Wednesday, 27 June 2012

Work, driving and crying in a car park


It’s almost midnight. My feet ache, I’m sweaty and I stink of beer.

This scenario isn’t as fun as it sounds. I’ve been to my first real shift at work. Since I quit the job I had in sixth form (I worked in a pound shop. It was a hell hole,) Paid positions, or indeed, reasons to be on my feet for six hours at a time have been few and far between.

So this is a bit of a shock to the system. This whole week has been a shock to the system. I’ve gone from a degree to barmaid and waitressing and from public transport to a car. Do something that scares me? I’ve been a nervous wreck! I know I’m a very anxious person to the point where it’s unhealthy, and I know that I have recently been trying to immerse myself in stressful situations that I have to force myself to keep calm in, but this week has been daunting to say the least.

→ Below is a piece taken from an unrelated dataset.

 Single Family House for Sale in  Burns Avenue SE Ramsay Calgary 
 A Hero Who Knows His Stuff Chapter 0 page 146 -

My life has changed for the better. I have gone from spending my year out on benefits to having a job, and from everything taking an hour longer than it should on the rickety rackety bus to being able to jump in my car. But these are both huge changes and I have spent all week waking up with butterflies and every day fighting through them. I am getting through work okay, even though I got a bit nervous before my shift, but driving is a whole other issue.

To say I’m not a natural at driving would be an understatement. It took me almost eighteen months and four tests to get a licence and on the first day I had my car, I stalled it 12 times. I’ve now had it for five days and while I am getting much better, the stalls are still daily. Yesterday, I needed to drive out of town to get to placement and had to go via Middlesbrough town centre to pick up the girl I work with at placement. I got on and off the A19 without incident; however, the A66 was a different story. I went in the wrong lane and ended up at some massive roundabout with many lanes and traffic lights and loads of lorries, and again, realised I was in the wrong lane and wanted to move over. I got beeped at and my driving was unsafe at best.

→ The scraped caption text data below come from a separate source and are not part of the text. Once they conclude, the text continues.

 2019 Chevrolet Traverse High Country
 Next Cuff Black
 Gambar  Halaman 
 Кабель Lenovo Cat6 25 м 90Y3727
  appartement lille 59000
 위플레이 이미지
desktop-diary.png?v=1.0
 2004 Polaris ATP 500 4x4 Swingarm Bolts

The rest of it was okay, apart from when we got to placement and it had been cancelled. But I got back to Middlesbrough okay and then set off for my boyfriend’s and got back onto the A19 and to his really easily. I even drove him to the supermarket later.

So what difference can 24 hours make? Lots. In a fit of cockiness, I agreed this morning to drive him to work, back in the dreaded Middlesbrough that has no easy way of getting into it. We went a different way to what I had, again because of a lane cock up. So I ended up at another terrifyingly huge roundabout with loads of lanes and ended up crossing them at last minute and received lots of angry beeps. Do these people not know I’m lost?!

It got much worse. On the way back to the A19, that yesterday I found very easily, I found myself sailing past my turn off. I kept calm for now and decided to carry on towards Stockton, hoping I could find my way home from there. I got more and more lost to the point where my driving was a mess and people were beeping and I ended up trapped in a car park in my panic. I actually parked up so that I could have a little cry. I couldn’t believe how lost I had ended up, I was scared and sweating and generally worked up.
Then I remembered the sat nav and felt incredibly stupid. Getting home with the sat nav was the easiest thing in the world.

So lesson learned. Until I get more confident, use a sat nav. I mean, at work or uni, I wouldn’t just carry on doing something I knew was wrong and let it get out of hand and even more of a problem, I’d ask for help. So for the foreseeable future, even to go places that in theory I know how to get to, I will be using the sat nav.

I have since driven to work to check if the folder I was meant to take home was there, back home to get changed, back to work for my shift and back home again with no dramas. Like a lot of things, driving is learn by doing, and when the idea of doing scares me, I just have to man up and do it anyway and eventually, I’ll be able to do it without thinking about it and will wonder what all the fuss was about and hopefully won’t have need to cry in car parks.